Should the reverse share split proposal be approved, the number of shares under the authorization proposed to the Extraordinary General Meeting concerning the right to issue shares and the right to issue option rights and special rights entitling to shares shall be amended so that, subsequent to the reverse share split, the authorization shall apply to a maximum of 4,272,564 shares.

8. Proposal by the Board of Directors on the termination of stock option program 2008

The Board of Directors proposes to the Extraordinary General Meeting that the CEO option program resolved to be adopted on 23 April 2008 shall be terminated and removed from the Trade Register. No option rights under such option program have been granted.
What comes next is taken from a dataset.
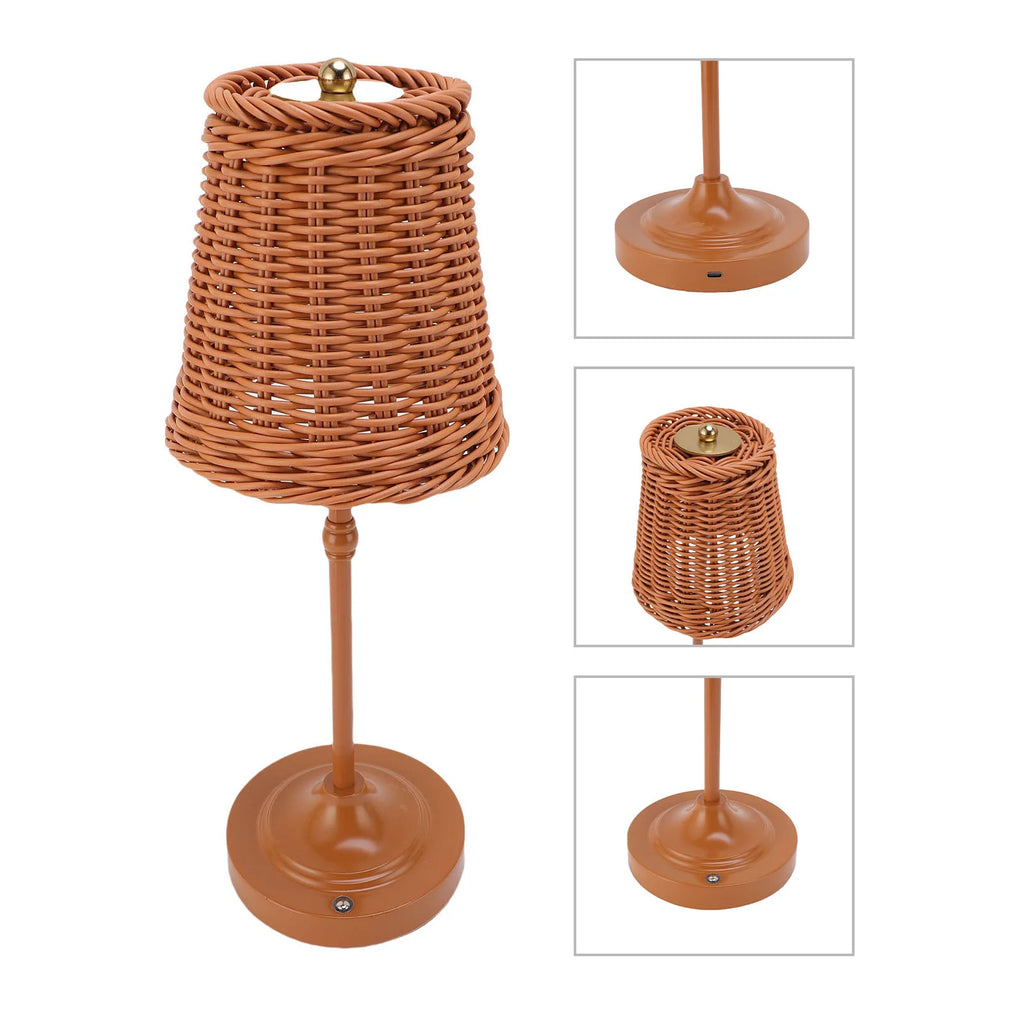 Rattan Cordless Table Lamp – Dimmable LED, Touch Control, Indoor & Outdoor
9. Proposal by the Board of Directors to cover the loss shown on the balance sheet with funds from unrestricted equity and to reduce the company’s restricted equity to cover losses

The Board of Directors proposes to the Extraordinary General Meeting that the available unrestricted equity of the Company shall be used in full to cover the loss shown on the balance sheet and, in addition, that the company’s share capital and share premium fund shall be reduced to cover losses as follows:

– The profit of 311,907.42 euros shown on the company’s annual accounts of 31 December 2010, the company’s reserve for invested unrestricted equity, 22,016,328.27 euros, and the company’s special reserve, 45,989,038.00 euros, shall be used to cover losses from earlier financial periods.

– The company’s share premium fund, 27,917,948.11 euros, shall be used in full and the company’s share capital shall be reduced by 19,082,052.00 euros to cover losses from earlier financial periods.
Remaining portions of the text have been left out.